* **Records shown**
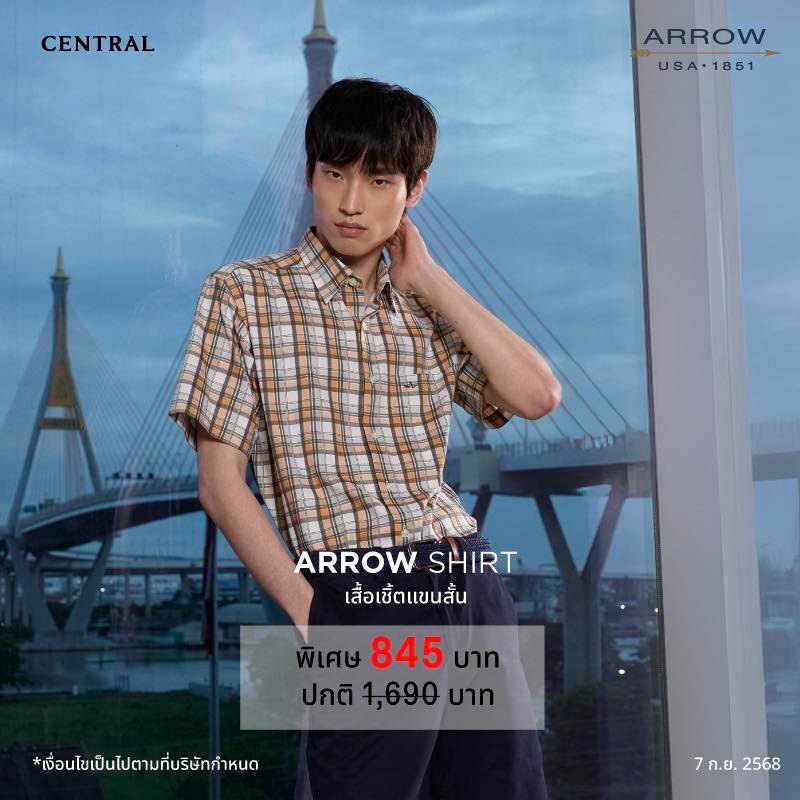 Central Department... - Central Department Store Rangsit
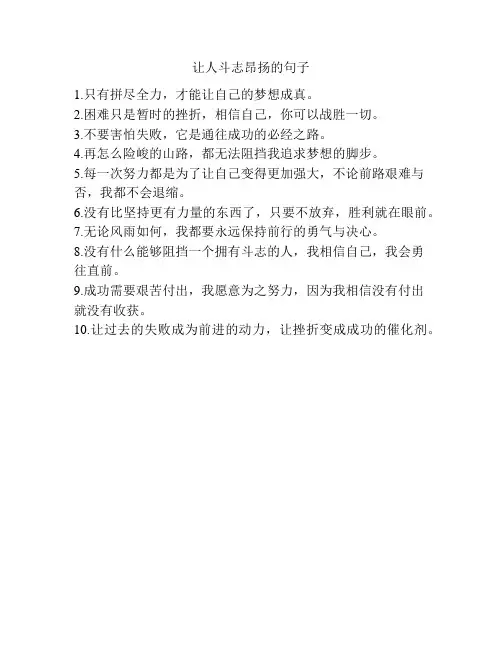 让人斗志昂扬的句子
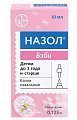 Купить назол беби, капли назальные 0,125мг, флакон 10мл в Нижнем Новгороде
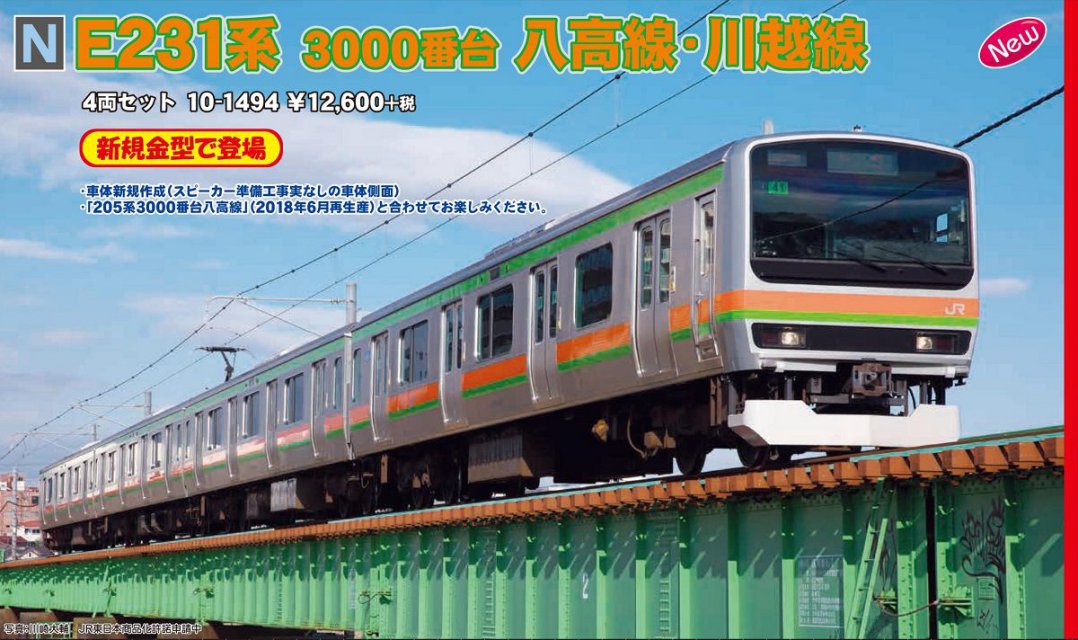 KATO】10-1494 E231系3000番台 八高線・川越線 4両セット 8月30日発売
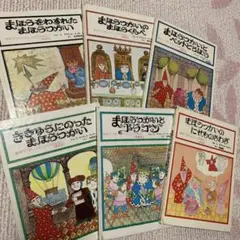 2026年最新】絵本の卵の人気アイテム - メルカリ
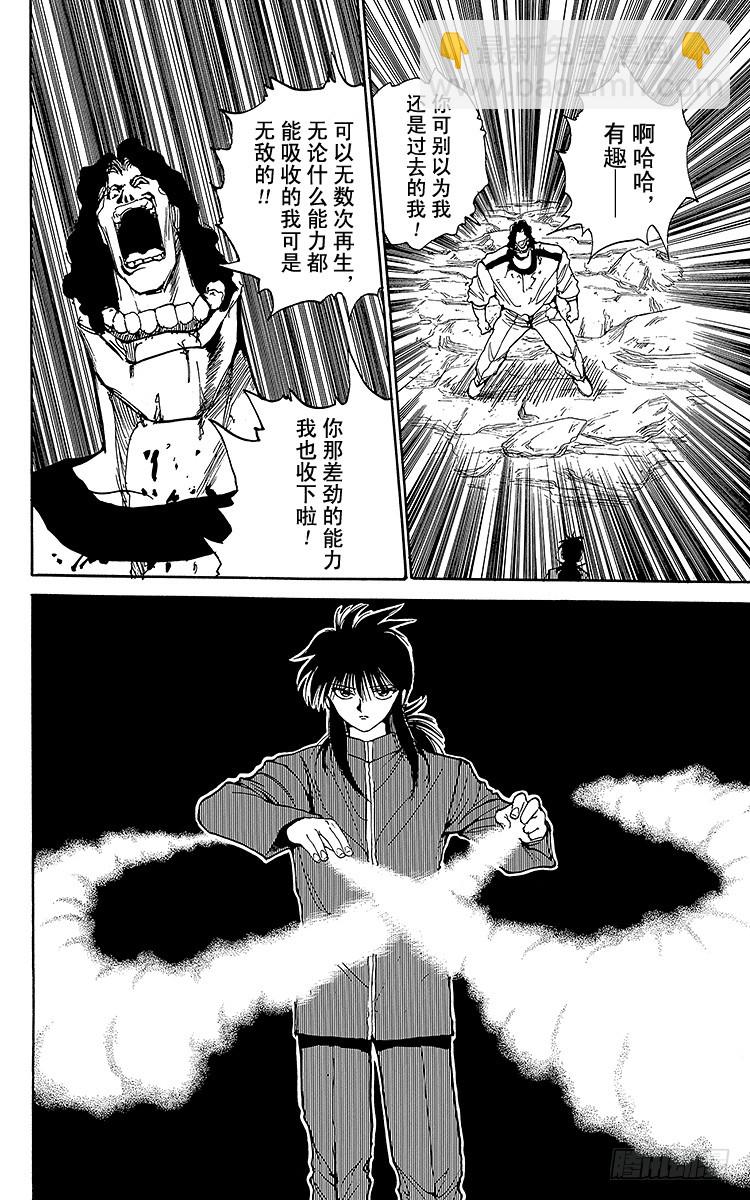 第139话 原形毕露！！之卷9
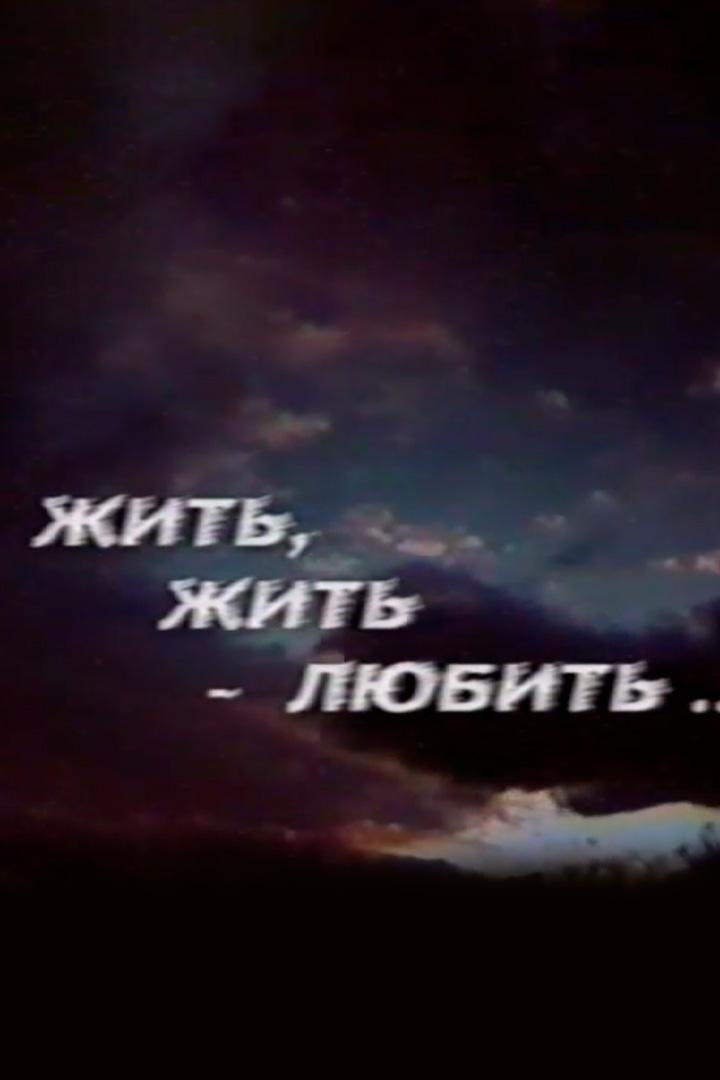 Жить, Жить-любить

* **Work task**
Everything from the line with "KATO】10-1494 E231系3000番台 八高線・川越線" through the last line of the listing should be retyped exactly, with both end lines kept and the pictures left out.

* **Response**
 KATO】10-1494 E231系3000番台 八高線・川越線 4両セット 8月30日発売
 2026年最新】絵本の卵の人気アイテム - メルカリ
 第139话 原形毕露！！之卷9
 Жить, Жить-любить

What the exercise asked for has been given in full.